I mean COVID-19 is obviously very challenging, and we cannot let our economy grind to a halt because of it. The consequences of that are also very far reaching. A large piece of the Arctic economy is the resource sector; there’s a large amount of diamond resources in the North. Where gold is currently doing well as a global hedge against uncertainty, diamonds as a luxury item, are not.
With that in mind, we’ve got to look at how we can keep a strong, reliable resource sector, and ask what we can do to diversify employment. We had a strong tourism sector as well in the Arctic, but with COVID-19, you’re optimistically looking at a 3 or 4 year recovery period.
So we’ve got to do what it takes to ensure that we keep employment and business practices at a local level. We’ve been relatively lucky from a public health standpoint, being isolated in the Territories with closed borders.

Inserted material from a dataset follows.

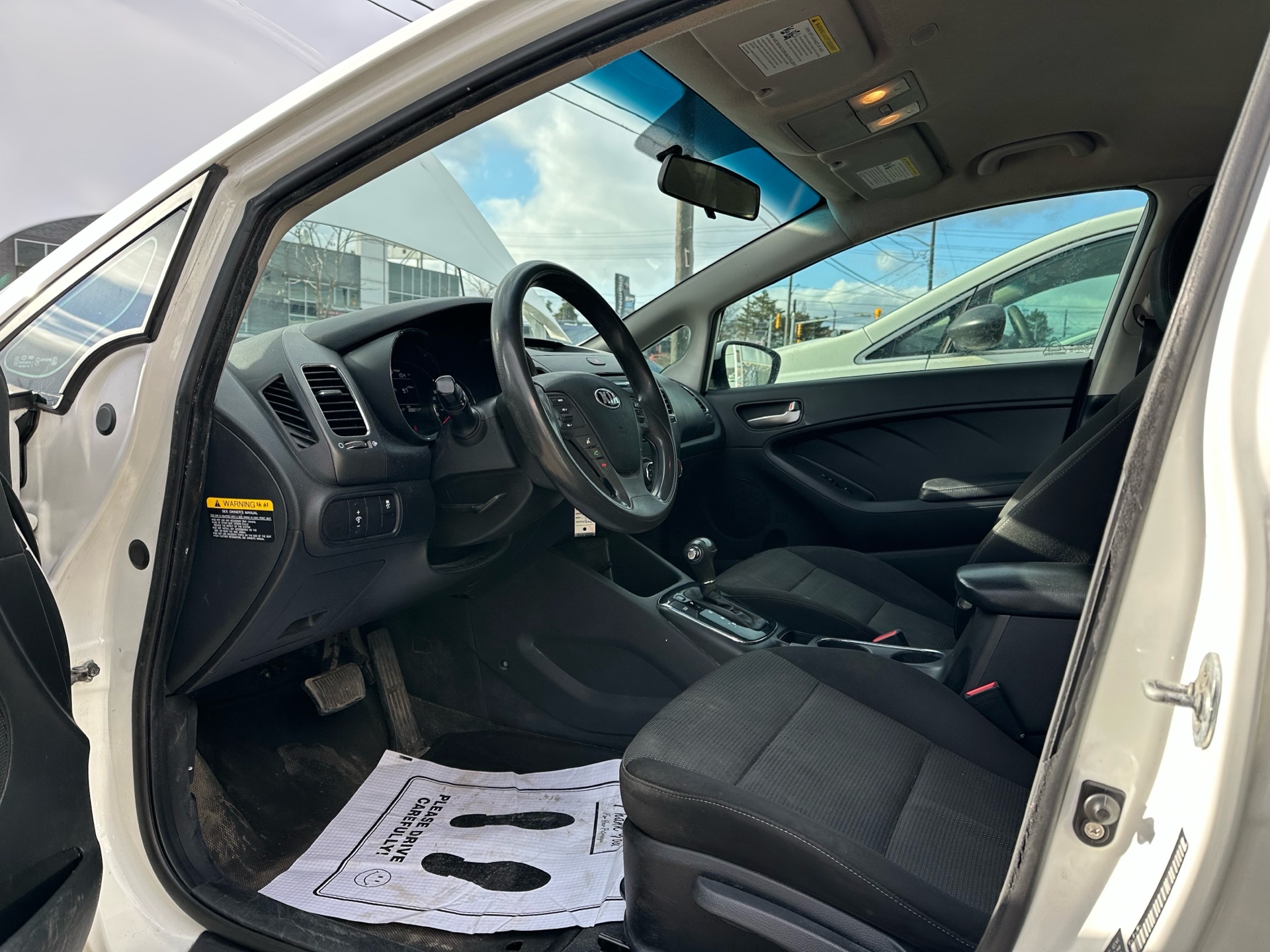 /autocainc/2017-Kia-Forte-45641525297772034.jpg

But we need to start opening up safely to work on that resource sector, and make the Arctic an attractive place for the investment community to put their dollars.
Do you see the resource sector as playing a larger role in COVID-19 recovery?
I do, absolutely. The resource sector is one that will always be required and I think Canada has very robust ethical practices that are needed around the world. You need minerals from the ground to create the materials for green technology, and I think it’s a mistake to view the mining sector as a bad thing. I would much rather see a resource sector in Canada, and in the North particularly, that we embrace with good strong management training, labour laws, Indigenous involvement and engagement. Other places around the world don’t have that.
I think we have an opportunity here for Canada to be a leader for the environment, labour, Indigenous rights, etc. and it’s something that we can be proud of and that the world needs to develop our mineral resources.
You see ethics as a competitive advantage then?
Absolutely. The thing we offer in Canada is political certainty, as companies know they can invest in a political environment with future stability. So why wouldn’t we be investing in that?